Je vais laisser ma maison, avec cette nouvelle chambre dont j’aurais à peine profité 5 mois et que je n’ai toujours pas fini d’aménager, mes affaires et ces choses qui font mon petit univers. Ma famille, le plus dur (désolée pour les autres), ça sera ma petite sœur. Elle n’a que 8 ans et j’ai une peur panique qu’elle finisse par se considérer comme fille unique, qu’elle m’oublie en quelques sortes du fait de mon absence. Je ne serai plus là pour l’emmerder à table au moment des repas, la coiffer le matin quand je ne travaille pas pour qu’elle soit toute mimi en partant à l’école… et pour les petits moments de tendresse qu’on sait aussi partager. Heureusement, j’ai un chéri en or, qui m’a déjà proposé qu’elle vienne nous voir de temps en temps quand elle aura des vacances.
Ça sera difficile aussi pour mes parents, bien sûr, mais je m’étais déjà fait à l’idée que je ne serais pas une “Tanguette” (féminin de Tanguy) et que je quitterais la maison tôt ou tard.

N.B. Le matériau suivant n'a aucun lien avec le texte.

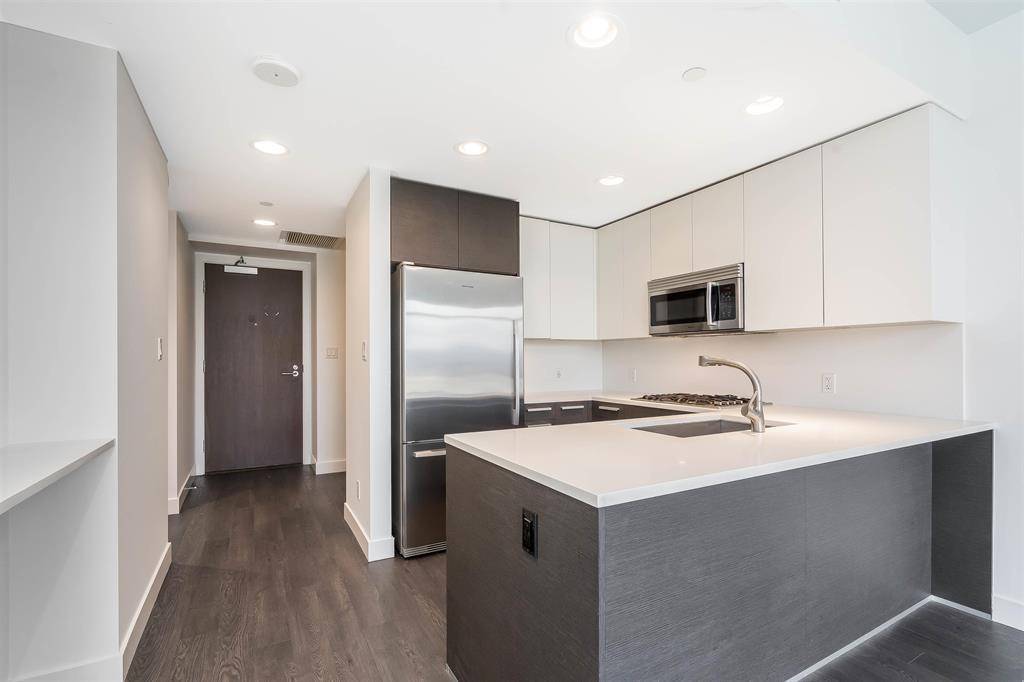 Burnaby, BC V5C 0H8,2008 Rosser AVE #2803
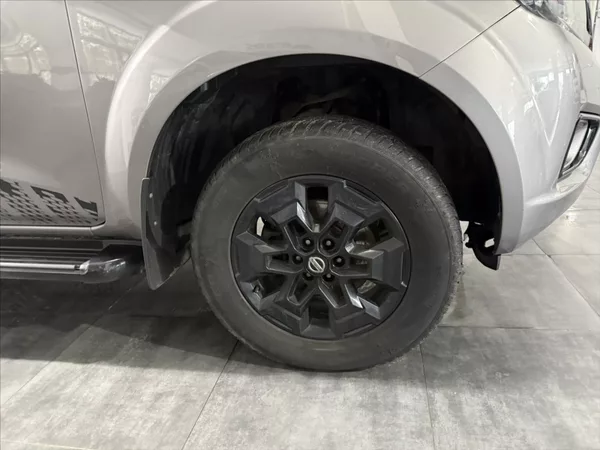 Nissan Navara 2,3 D TEKNA AT DOUBLE DPH - foto 28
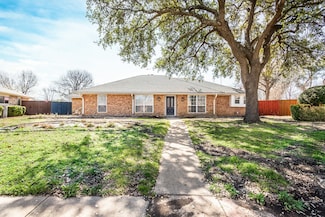 206 Willowcrest Dr, Garland, TX 75040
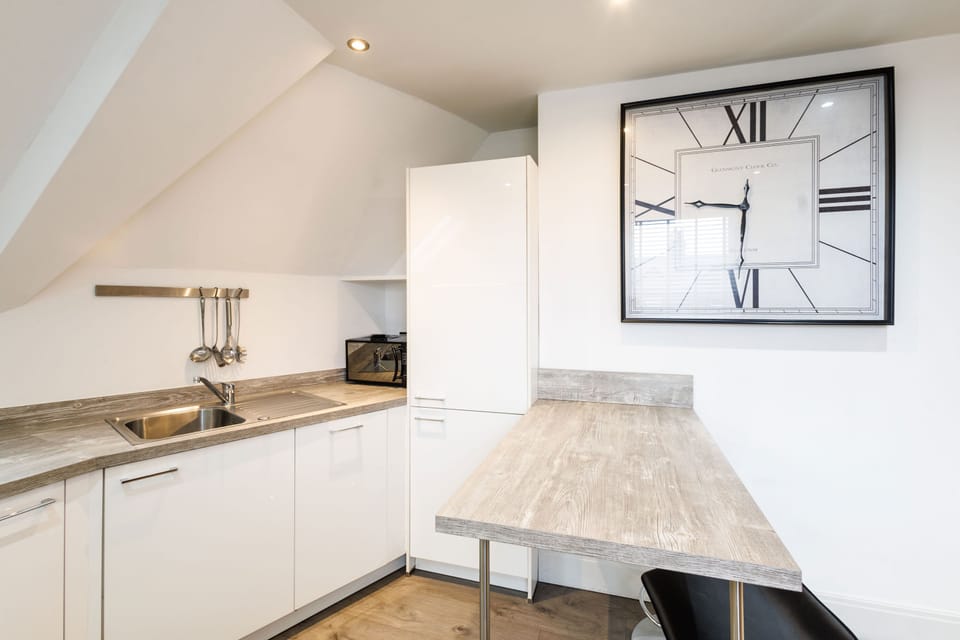 Franklin Rise, Harrogate - Host & Stay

Il y a aussi Aurore. Elle et moi sommes tellement fusionnelles, on ne fait quasiment rien l’une sans l’autre, on se raconte toujours tout et quand une de nous a un coup de blues ou un problème, elle débarque chez l’autre et cette simple présence est un soutien sans nul pareil. Ca va faire un vide, c’est certain, ça fait 9 ans qu’on ne s’est pour ainsi dire jamais quittées, on a grandi ensemble, on s’est construites ensemble et on a traversé tellement de choses. C’est le genre d’ami qu’on ne rencontre qu’une fois dans sa vie, qui devient un membre à part entière de la famille (ma mère dit elle même qu’elle est “ma troisième fille de la maison”). Elle va me manquer, terriblement.
Mais il ne faut pas non plus croire avec tout ça que je ne suis pas heureuse d’aller le rejoindre à Nancy, bien au contraire, je n’aurais pas supporté encore longtemps d’être loin. C’est un peu une nouvelle vie qui commence, une vie à deux, mais je n’oublie pas le reste pour autant.